Tools for Single-Cell Analysis

Ken Livak, Ph.D., a distinguished scientific fellow at Fluidigm, described how to derive cell signatures using the company’s Dynamic Array™ chips and BioMark™ system. While it is still quite costly to do whole-transcriptome analysis in a discovery or exploratory mode, time- and cost-efficient methods are available to analyze gene expression in subsets of genes.

To get meaningful results, one needs to collect data from a sufficient number of single cells to overcome the relatively high level of biological noise in the system, and so throughput and miniaturization become important factors, explained Dr. Livak. Looking at 100 genes in 100 cells, for example, requires 10,000 experiments.

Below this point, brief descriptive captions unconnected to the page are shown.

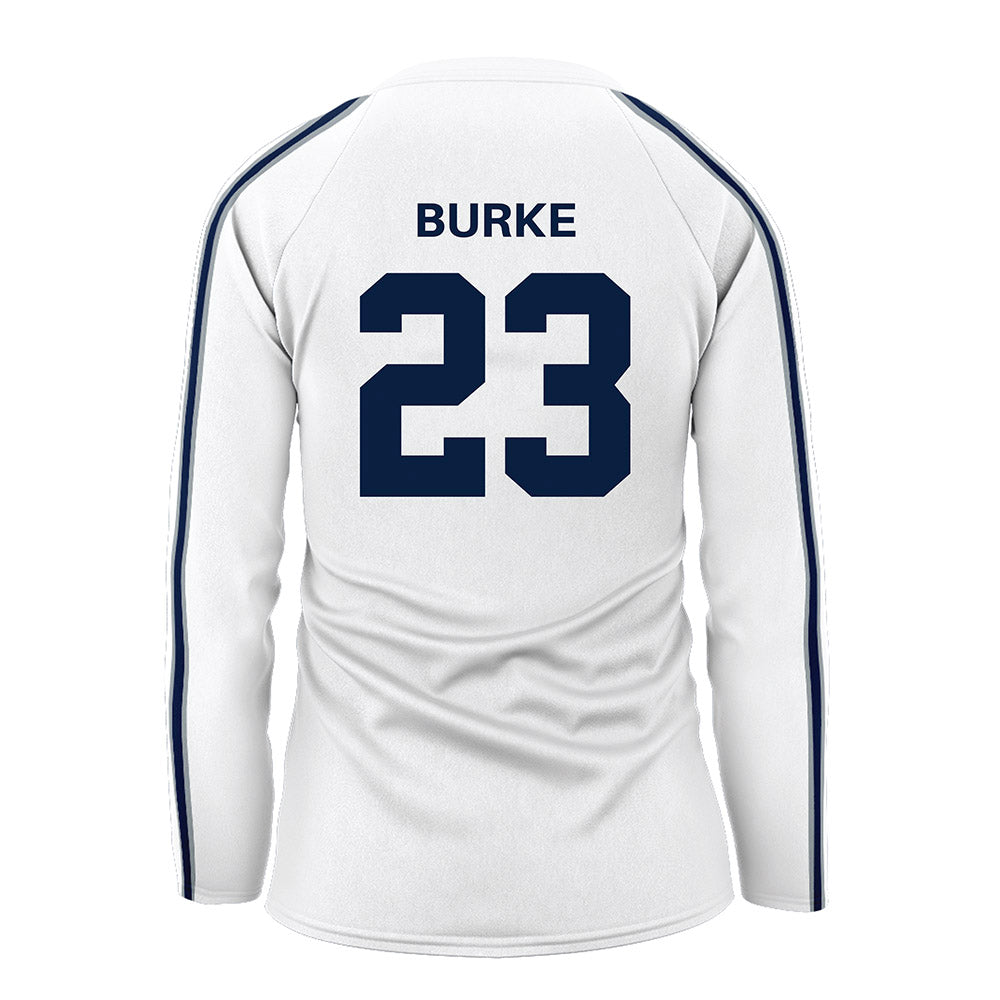 Penn State - NCAA Women's Volleyball : Catherine Burke - White Volleyball Jersey-1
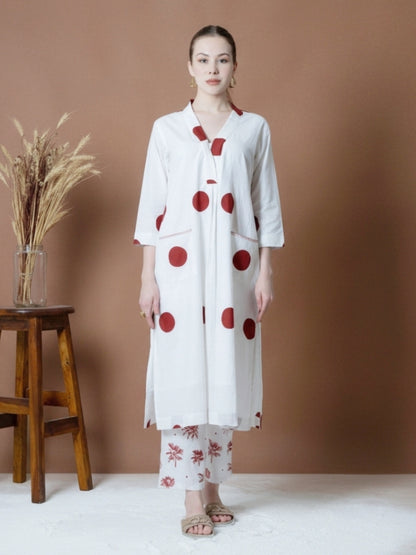 RED POLKA DOT COORDS SET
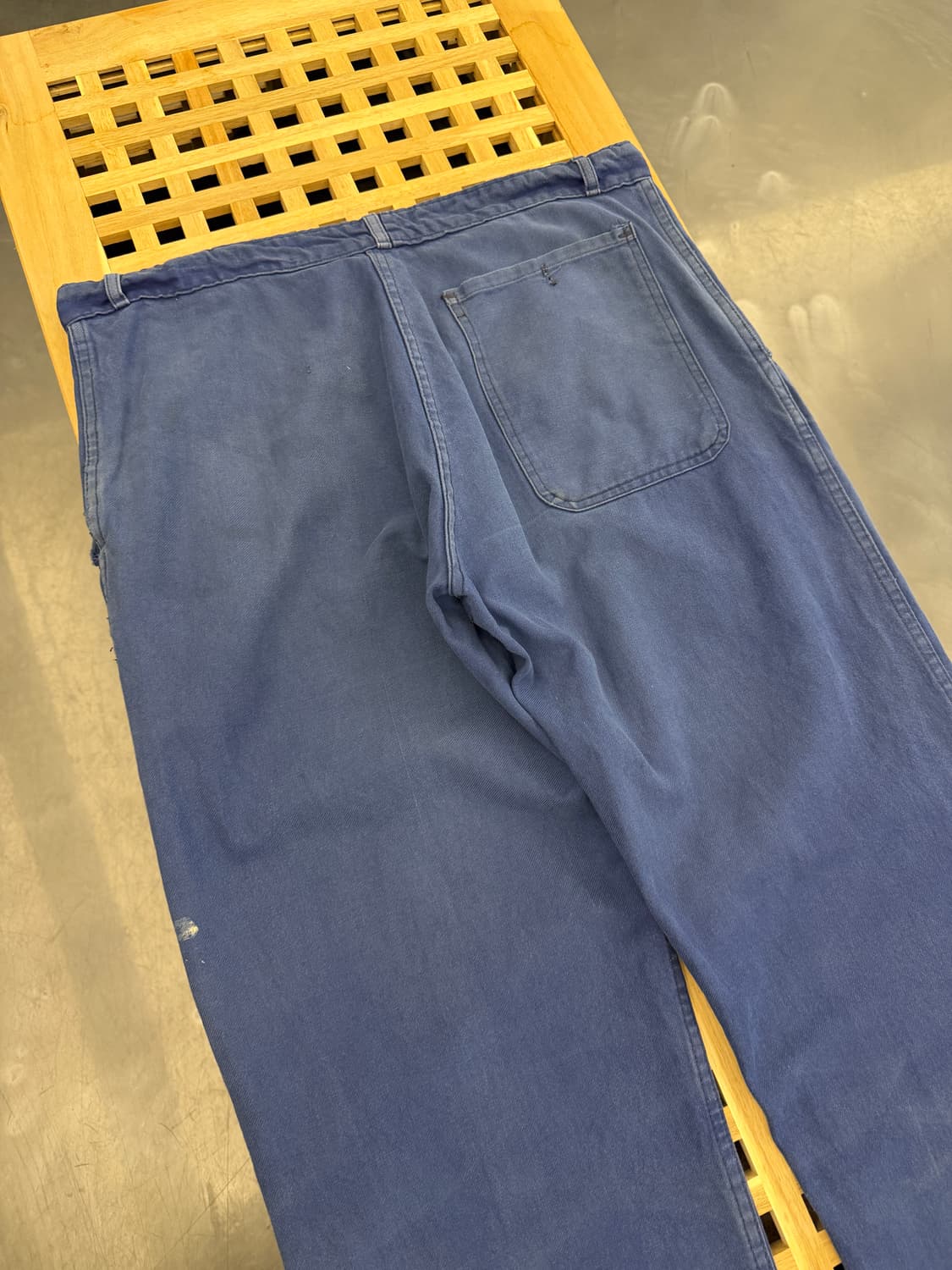 1960s OLD MODEL HARD FADED 빈티지 프렌치워크팬츠 상품이미지10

Working with single cells means working at microvolume scale, and he described an emerging trend toward developing entire workflows optimized for processing at microvolume scale—from cell isolation to sample preparation to gene-expression analysis.

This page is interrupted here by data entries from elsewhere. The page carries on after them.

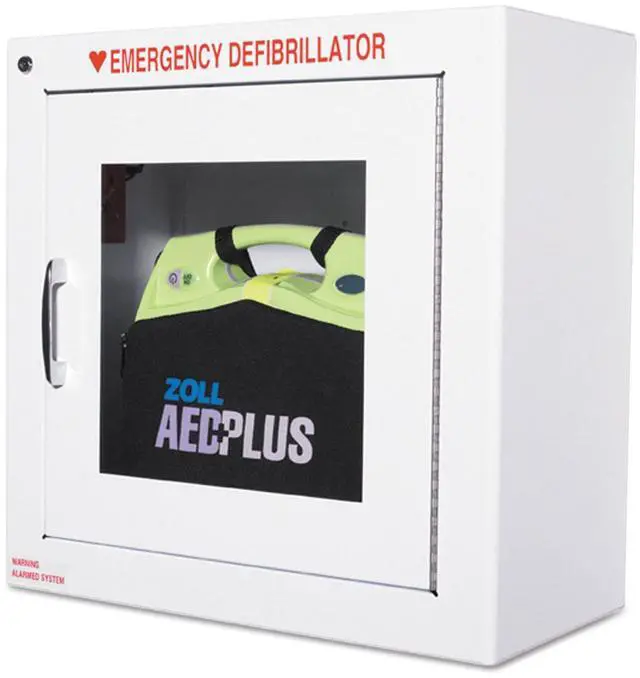 Main image of Zoll AED Plus, Wall Cabinet, 9"W, White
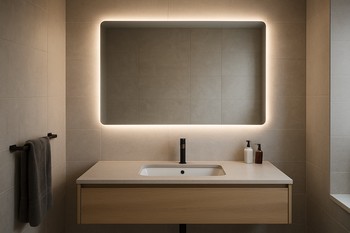 Güzgü arxasında halo effekti verən LED lent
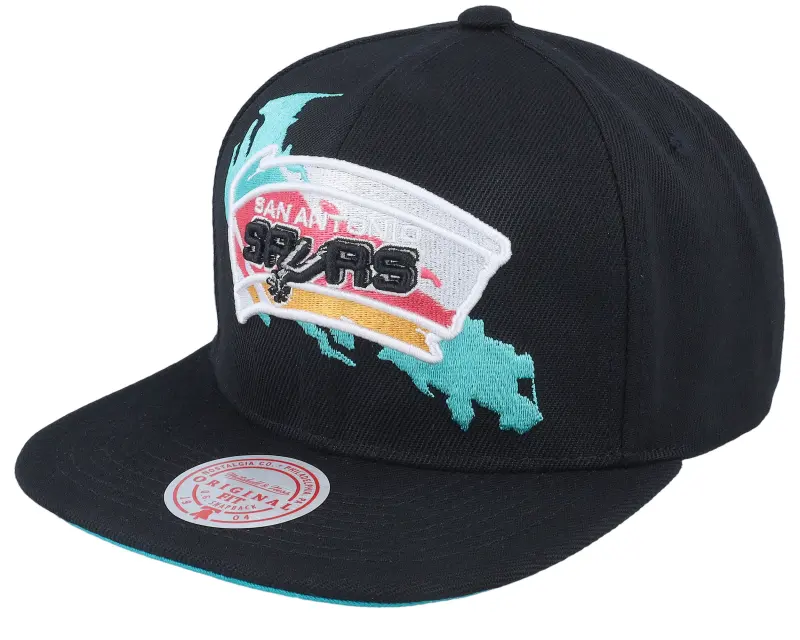 Mitchell & Ness San Antonio Spurs Paint By Number Hwc Black Snapback online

Dr. Livak’s talk focused mainly on how to analyze the data generated from gene-expression profiling of single cells. This is an evolving field, he noted, with no standard approach to data analysis. The goal is to identify correlations in transcript levels across a set of genes.

Because there is a high level of variation in the expression of any one gene and transcript levels are best represented by a log-normal distribution, one cannot normalize the expression data to those of housekeeping genes, as might be done in a conventional qPCR-based study. Instead, explained Dr. Livak, transcript levels in individual cells are normalized to the median of the distribution, thereby taking into account the fact that different genes will represent the median in different cells.

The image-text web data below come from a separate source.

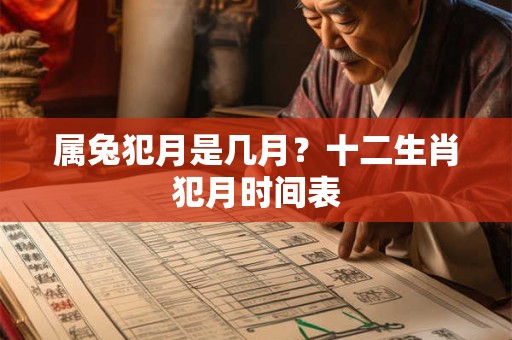 属兔犯月是几月？十二生肖犯月时间表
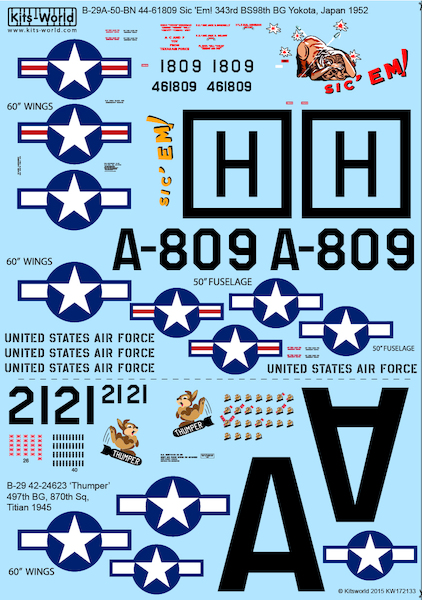 Boeing B29 Superfortress (Sic Em, Thumper)  KW172133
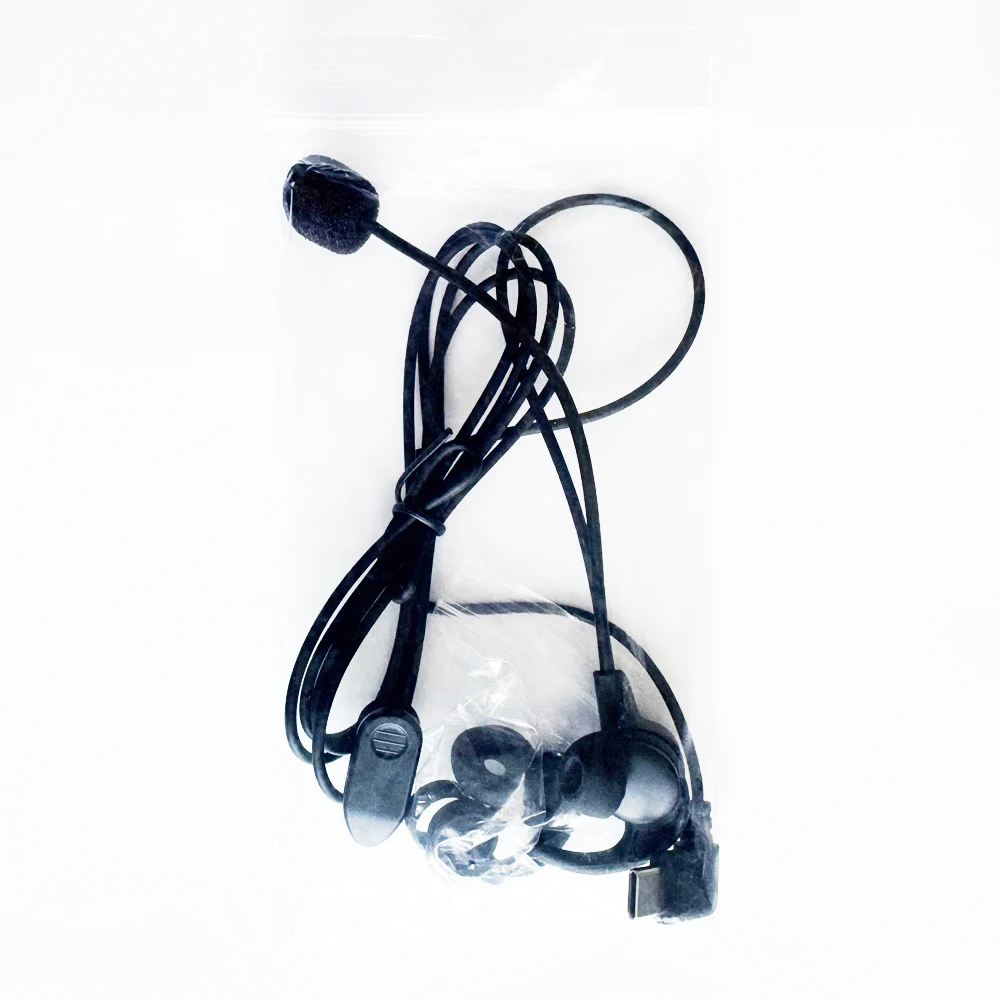 HIFI piłka nożna douszne sędzia słuchawki typu C dla EJEAS V6 PRO +/V4 Plus kask motocyklowy zestaw słuchawkowy z domofonem Bluetooth — zdjęcie 7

In his presentation, Dr. Livak referred to a study conducted by Paul Robson and colleagues at the National University of Singapore and the Genome Institute of Singapore to identify regulatory networks and developmental mechanisms that control cell fate decisions published in Developmental Cell in 2010. In initial studies to explore the expression of cell-type-specific transcription factors in the 64-cell stage mouse blastocyst, the researchers generated data from pools of cells. “As cell fate decisions are made by individual cells, this averaged expression may mask interesting single-cell dynamics,” the authors stated.

In the subsequent study described in the paper, they analyzed gene expression at the single-cell level and looked for correlations in the expression of multiple genes to identify cell signatures that correlate to an embryo transitioning from a 1- to 64-cell state. They disrupted each embryo into 64 individual cells and surveyed 48 genes across more than 500 cells using the Fluidigm Dynamic Array 48.48 and the BioMark system. Their results included the identification of two genes, ID2 and SOX2, which are the earliest markers of outer and inner cell populations, respectively.

Richard Fekete, a senior manager at Life Technologies, described the use of the company’s Ambion® Single Cell-to-CT™ kit and OpenArray® real-time qPCR technologies for gene-expression analysis.

With traditional sample-prep workflows, “we noticed that when you purify RNA or DNA from a small number of cells, it tends to bind irreversibly to the matrix, or it does not bind at all,” he said. Life Technologies designed the Cell-to-CT kit to perform sample prep (including cell lysis and genomic DNA removal), reverse transcription, and preamplification in a single tube to avoid loss of material that can result from sample transfer and processing.

Tracing the history of single-cell analysis at the company, Fekete described early work with preamplification and qPCR techniques that allowed for the analysis of RNA from a small number of cells. “We saw quite variable results from single cells suggesting a lot of cell-to-cell differences,” remarked Fekete.